By Justin Crotty, senior vice president and GM of NetEnrich
One of the most frequently asked questions by VARs and MSPs is “How can I increase pricing without losing customers?” The answer is that VARs and MSPs must clearly communicate the value proposition of their services; otherwise they may never be able to justify the increase. This, however, is easier said than done, with many VARs and MSPs still competing on price, rather than value. So, how do you make more money?
Price On Value, Not Cost. VARs and MSPs should never set pricing based on how much it costs to deliver their services. Pricing should always take into consideration the benefits received by the end user. For example, VARs and MSPs must articulate that by increasing the cost of the service, the customer will benefit from a quantifiable savings in time or money that offsets the price increase over the long term.

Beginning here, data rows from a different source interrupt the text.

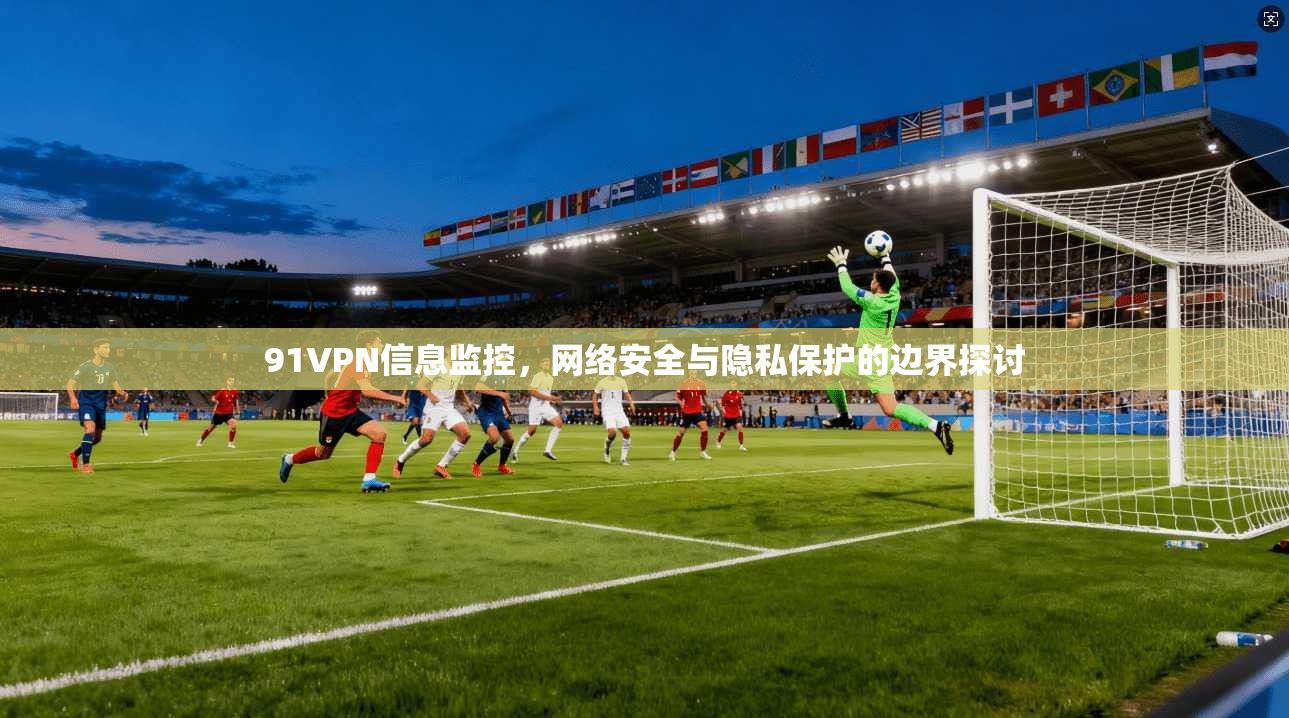 91VPN信息监控，网络安全与隐私保护的边界探讨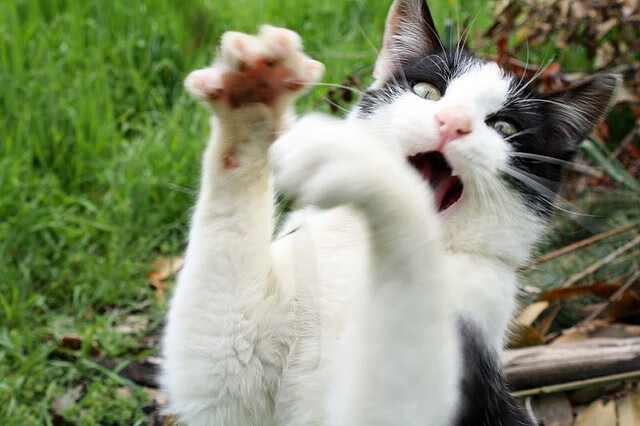 kaiyun.com-独步全欧_ 拜仁慕尼黑_力擒美因茨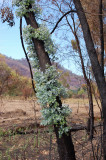 Eucalyptus recovery after bushfire.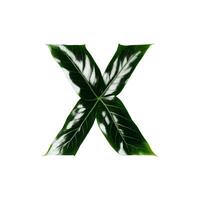 Green leaf typography text design uppercase alphabet X, photo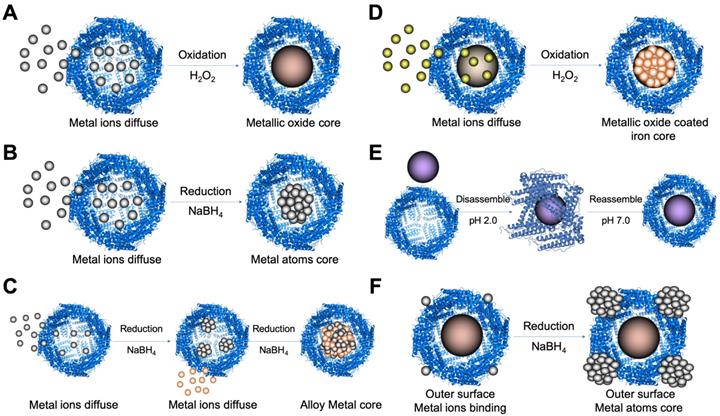 Theranostics Image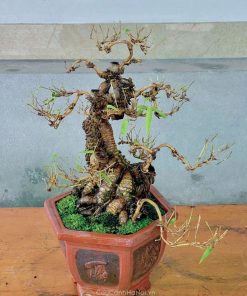 Chậu tre ngà bonsai tại Cây Cảnh Hà Nội có nhiều mẫu mã đẹp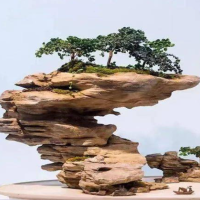 山石盆景怎么样造型好看？最好看的山石盆景植物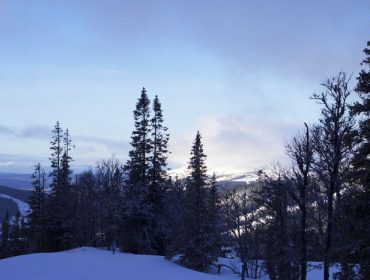 are-bjornen-skidakning-1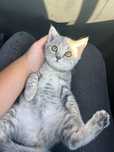 Pisic british shorthair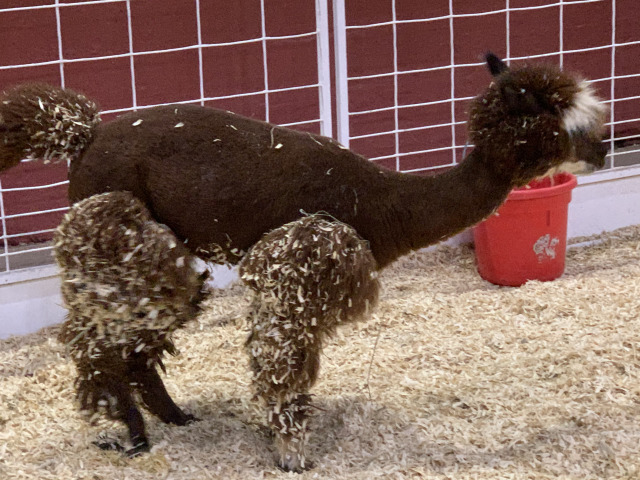 2019/10(October)/UTD-Parents-weekend/OU_Dallas_Fair/640x480_2019-10-12-Texas-State-Fair-15.JPG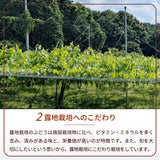 ぶどう マスタード 【内海ぶどう園】 葡萄のマスタード 190g 栃木県栃木市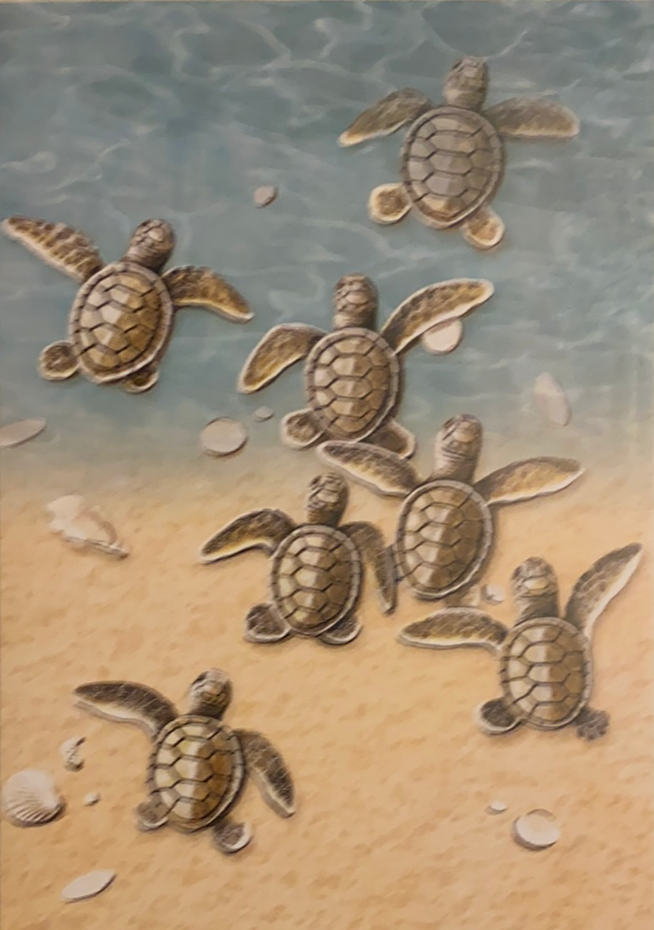 drawing of baby turtles crawling to ocean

Provide Customized Solutions. To further demonstrate value that will, in turn, validate price increases, VARs and MSPs should bundle products and services that are designed to streamline customers’ IT operations and deliver a long-term savings in time or cost. Doing so will position the VAR or MSP as a strategic advisor — one who understands the needs of its customers and can provide solutions that are customized to meet the unique challenges they face. And, when customers realize that they are getting more “bang for their buck,” and not simply paying more for the same service, it will be easier to overcome price objections.